Les ouvrages des premiers explorateurs, Spix, Martius, Bates, Wallace, sont remplis des remarques les plus bizarres faites par leurs bateliers : rien de ce qu’on leur disait de la nature des autres pays ne pouvait cadrer avec leur compréhension des choses. Les Egyptiens d’il y a six mille ans concevaient le monde à l’instar de leur vallée nilotique, c’est-à-dire comme une longue fissure, occupée dans un axe par un fleuve et bordée de déserts et de montagnes[1].

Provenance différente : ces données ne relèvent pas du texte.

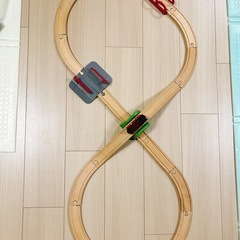 ブリオ　木製　レール　電車の画像
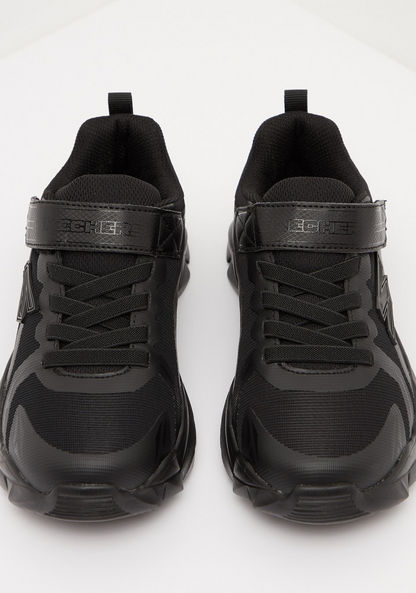Skechers Textured Sneakers with Hook and Loop Closure - 95407L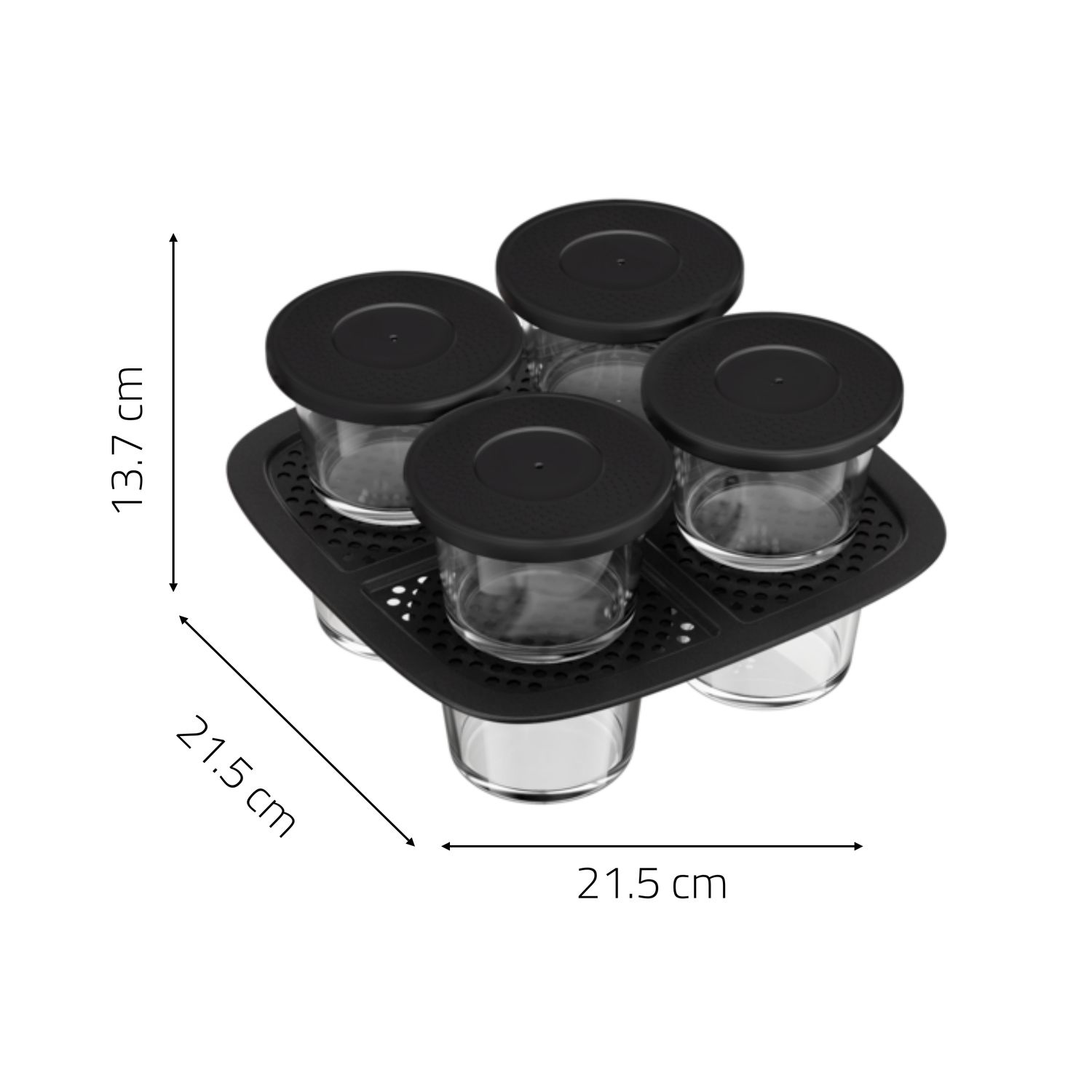 MOULINEX Glass Jars, 8-Piece Set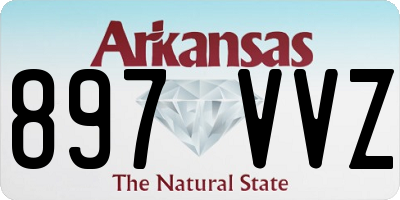 AR license plate 897VVZ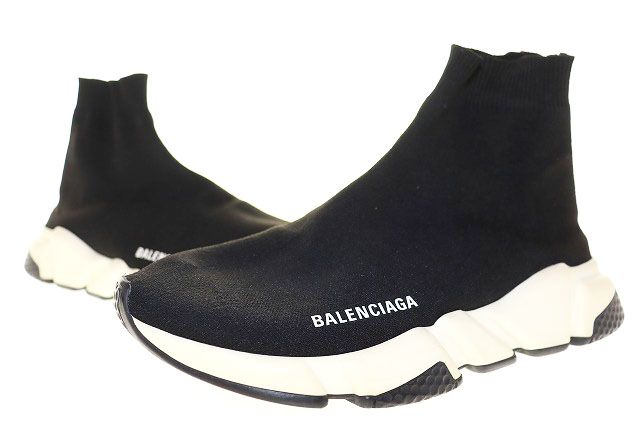 バレンシアガ BALENCIAGA SPEED TRAINER BLACK 26.5cm スピード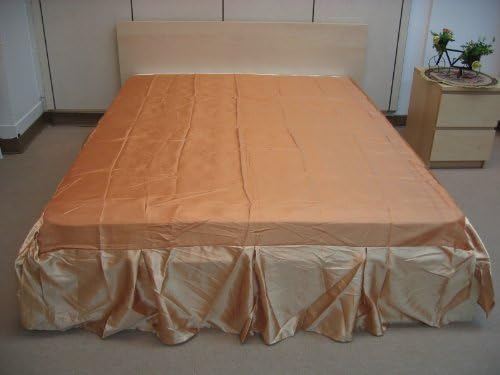 DaDa Bedding BM4578 Golden Bed Skirt Twin 1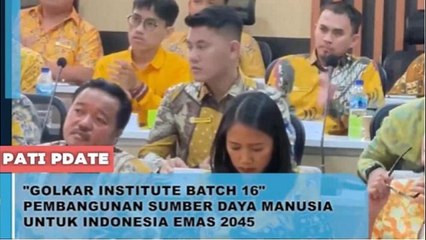 Melalui Golkar Institute, Partai Golkar Buktikan Komitmennya dalam Menyiapkan Generasi Emas Menuju Indonesia Maju 2045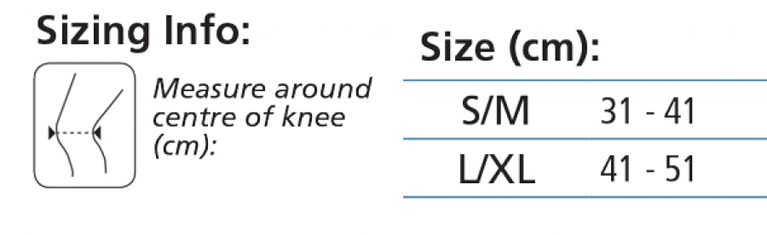 MUE5217 OMNIFORCE ADJUSTABLE ELASTIC KNEE STABILISER WITH ALLOY STAYS FOR MEDIAL-LATERAL SUPPORT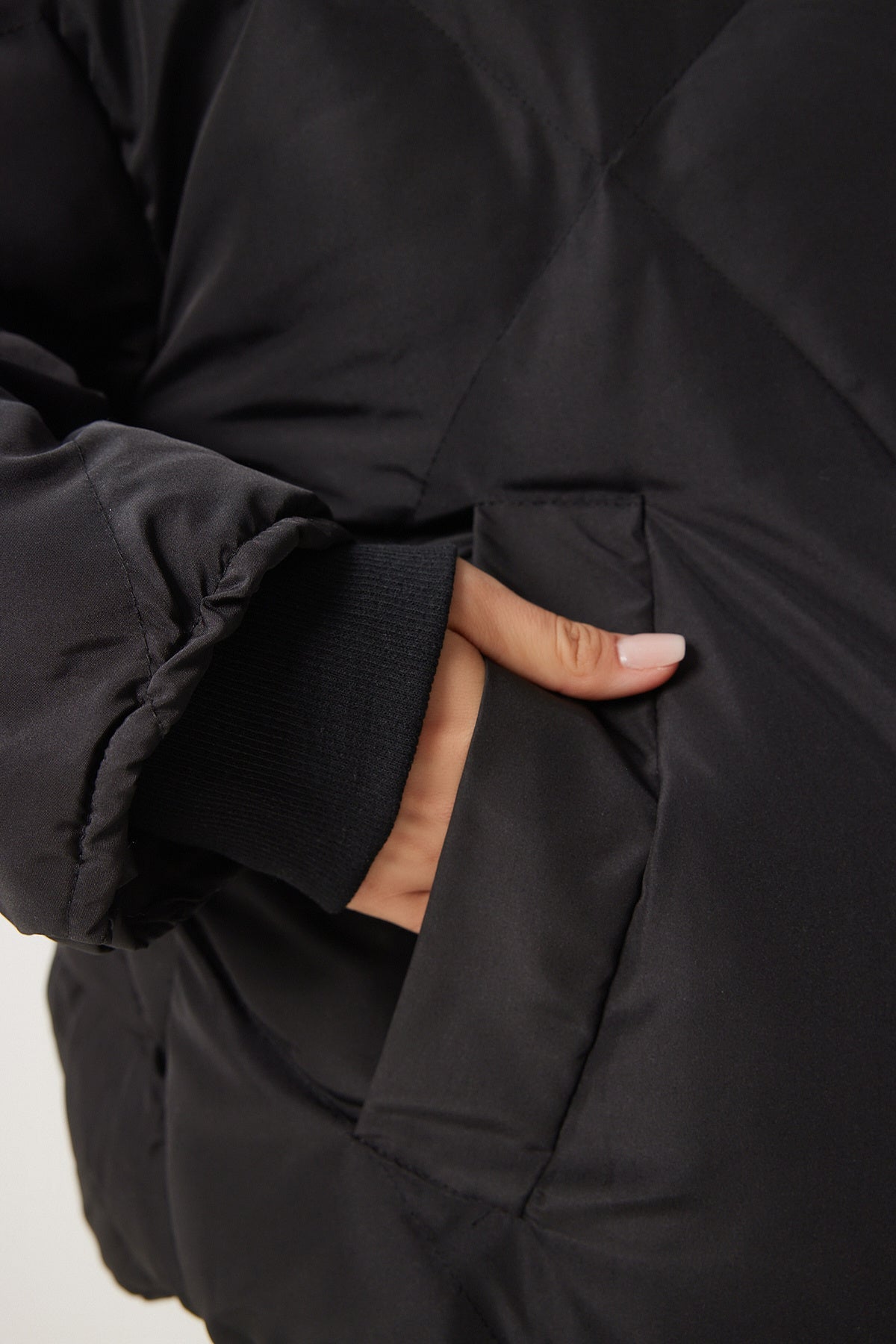 Siyah Oversize Şişme Mont RV00006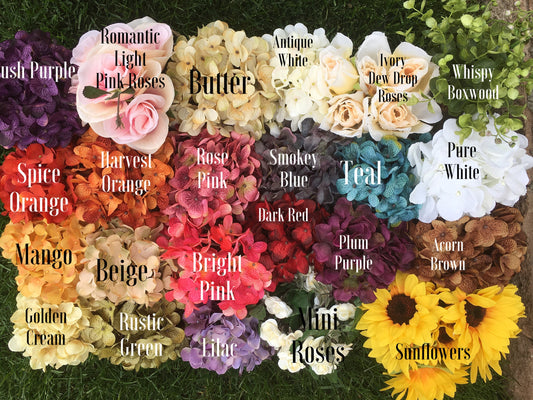 Mason Jar Flowers - All Colors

Au bord des eaux toujours en mouvement des « chemins qui marchent  », la navigation était pour ainsi dire découverte d’avance : un tronc d’arbre passant au fil de l’eau, cela ne suffisait-il pas déjà pour attirer les enfants qui s’ébaudissaient près de la rive ? Les oiseaux pêcheurs, parfois même un animal sylvestre, ne profitaient-ils pas de ce véhicule naturel ? De même, entraîné malgré lui par la crue soudaine des fleuves, l’homme a dû souvent voyager sur le courant des eaux, transporté sur quelque île flottante de terrains ou d’arbres enchevêtrés, ou même en sa propre demeure soulevée par le flot montant.

La force de la nécessité devint ainsi l’éducatrice du sauvage : le radeau que lui avait fourni la nature et sur lequel il était associé par la frayeur aux autres animaux de la savane ou de la forêt resta dans sa mémoire, et il put l’imiter sans danger dès que l’onde devint propice. Et lorsqu’un arbre flotté, peut-être creusé d’un côté par la carie du bois, se trouva constituer naturellement un bachot bien stable sur l’eau et ne roulant point au hasard du courant, ne fut-ce

  1. Bonola, Bulletin de la Société Khédiviale de Géographie, 1896, n° 10.